Work instruction: From the entries that follow, extract each line holding the string "Backpack".

Data for processing:
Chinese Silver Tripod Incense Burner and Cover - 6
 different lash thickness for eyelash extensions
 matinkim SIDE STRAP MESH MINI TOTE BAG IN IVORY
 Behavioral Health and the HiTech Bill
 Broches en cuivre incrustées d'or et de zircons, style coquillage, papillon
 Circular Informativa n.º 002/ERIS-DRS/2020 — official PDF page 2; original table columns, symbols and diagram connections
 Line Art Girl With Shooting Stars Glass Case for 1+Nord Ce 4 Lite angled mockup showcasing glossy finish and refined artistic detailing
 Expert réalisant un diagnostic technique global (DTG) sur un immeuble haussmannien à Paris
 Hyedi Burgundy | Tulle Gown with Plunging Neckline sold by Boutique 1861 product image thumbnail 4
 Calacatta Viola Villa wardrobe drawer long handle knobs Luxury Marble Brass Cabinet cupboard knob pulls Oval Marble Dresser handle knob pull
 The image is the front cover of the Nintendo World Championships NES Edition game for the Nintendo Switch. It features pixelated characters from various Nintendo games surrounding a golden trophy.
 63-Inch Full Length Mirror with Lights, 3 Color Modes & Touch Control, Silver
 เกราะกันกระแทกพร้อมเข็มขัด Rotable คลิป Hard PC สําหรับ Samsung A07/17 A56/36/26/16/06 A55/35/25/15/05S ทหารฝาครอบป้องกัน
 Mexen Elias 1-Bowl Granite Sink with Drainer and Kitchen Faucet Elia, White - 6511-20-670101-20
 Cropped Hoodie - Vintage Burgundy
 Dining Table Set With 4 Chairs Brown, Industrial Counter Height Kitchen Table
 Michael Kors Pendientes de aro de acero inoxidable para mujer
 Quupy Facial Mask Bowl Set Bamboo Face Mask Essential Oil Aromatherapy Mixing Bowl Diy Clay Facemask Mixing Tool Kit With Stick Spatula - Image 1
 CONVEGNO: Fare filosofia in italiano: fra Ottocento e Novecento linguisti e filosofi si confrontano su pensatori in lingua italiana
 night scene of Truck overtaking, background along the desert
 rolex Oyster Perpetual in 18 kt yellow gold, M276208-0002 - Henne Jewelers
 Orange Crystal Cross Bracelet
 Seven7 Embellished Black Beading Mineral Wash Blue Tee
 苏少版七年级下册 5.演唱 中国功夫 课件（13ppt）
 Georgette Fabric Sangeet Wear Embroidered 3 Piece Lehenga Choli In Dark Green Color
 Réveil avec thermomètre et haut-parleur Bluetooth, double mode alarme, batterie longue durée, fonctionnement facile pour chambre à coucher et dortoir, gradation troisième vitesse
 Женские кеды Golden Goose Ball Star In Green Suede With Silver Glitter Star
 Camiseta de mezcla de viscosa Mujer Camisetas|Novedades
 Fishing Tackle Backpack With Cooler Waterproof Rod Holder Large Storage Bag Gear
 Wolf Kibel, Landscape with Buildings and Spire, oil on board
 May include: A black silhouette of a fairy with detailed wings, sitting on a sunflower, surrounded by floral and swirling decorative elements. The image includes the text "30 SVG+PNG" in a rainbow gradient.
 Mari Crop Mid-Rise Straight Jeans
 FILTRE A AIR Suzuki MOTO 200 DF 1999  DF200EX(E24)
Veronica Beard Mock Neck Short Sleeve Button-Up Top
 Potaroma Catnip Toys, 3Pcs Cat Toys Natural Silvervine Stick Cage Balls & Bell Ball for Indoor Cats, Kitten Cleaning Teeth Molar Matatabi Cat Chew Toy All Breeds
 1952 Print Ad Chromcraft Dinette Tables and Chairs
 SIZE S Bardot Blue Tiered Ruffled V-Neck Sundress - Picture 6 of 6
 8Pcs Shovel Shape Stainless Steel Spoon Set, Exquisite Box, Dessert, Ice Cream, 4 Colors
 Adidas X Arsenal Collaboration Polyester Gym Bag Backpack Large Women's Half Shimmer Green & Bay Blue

The answer:
 Fishing Tackle Backpack With Cooler Waterproof Rod Holder Large Storage Bag Gear
 Adidas X Arsenal Collaboration Polyester Gym Bag Backpack Large Women's Half Shimmer Green & Bay Blue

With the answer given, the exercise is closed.